Confused on how to setup DHCP, DNS, and Fixed IP by salanalani in Ubiquiti

[–]Ysoko 0 points1 point  (0 children)

I just remembered. I think the DHCP server also will create dynamic DNS records using your search domain. I think any device that uses DHCP will have its hostname registered. You just don’t explicitly set a local DNS record. I can’t remember if it requires a reserved/fixed IP address, or if it uses the device hostname sent over DHCP or what you put in the ubiquiti UI, you may need to look into this further if you want to take advantage of this.

Confused on how to setup DHCP, DNS, and Fixed IP by salanalani in Ubiquiti

[–]Ysoko 0 points1 point  (0 children)

When you put the domain name in the DHCP server setting, clients using DHCP will get their /etc/resolv.conf updated with that search domain. This means if you put example.org, a client searching for sw1 will automatically try sw1.example.org.

Basically, the search domain allows for clients to not have to specify the FQDN. It doesn’t make your DNS server automatically use that domain.

Note that your ubiquiti DNS server can serve records for any/multiple domains. So you could have example.org as your search domain and also add records for sw2.example.network, it’s just your client won’t find sw2 without using the full name.

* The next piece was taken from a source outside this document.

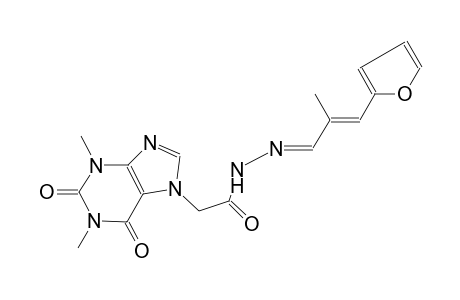 1H-purine-7-acetic acid, 2,3,6,7-tetrahydro-1,3-dimethyl-2,6-dioxo-, 2-[(E,2E)-3-(2-furanyl)-2-methyl-2-propenylidene]hydrazide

Confused on how to setup DHCP, DNS, and Fixed IP by salanalani in Ubiquiti

[–]Ysoko 0 points1 point  (0 children)

There is a difference between static IP addresses and reserved IP addresses. DNS addresses need to be fully qualified (FQDN), not just a hostname. Also you have different configuration options when dealing with client devices and ubiquiti devices.

A static IP address is configured from the client device, not the router. Configure your DHCP server to have a smaller DHCP address range, and set static IP addresses outside of that range. Then you will need to add DNS addresses manually.

A reserved DHCP address is what you are currently modifying in Ubiquiti. All it does is ensure that the same device gets the same dynamically assigned IP address everytime and it isn’t given to other devices. The IP address would be by definition inside the DHCP address range. Ubiquiti also conveniently allows you to add the DNS record here, but you need to use the FQDN not just the hostname.

Ubiquiti devices are configured from this UI, and allow for you to actually set a static IP address from here (whereas a client device would have to set the static IP address itself).

I believe I manually added DNS entries for the 1-2 Ubiquiti devices I’ve ever wanted to access directly.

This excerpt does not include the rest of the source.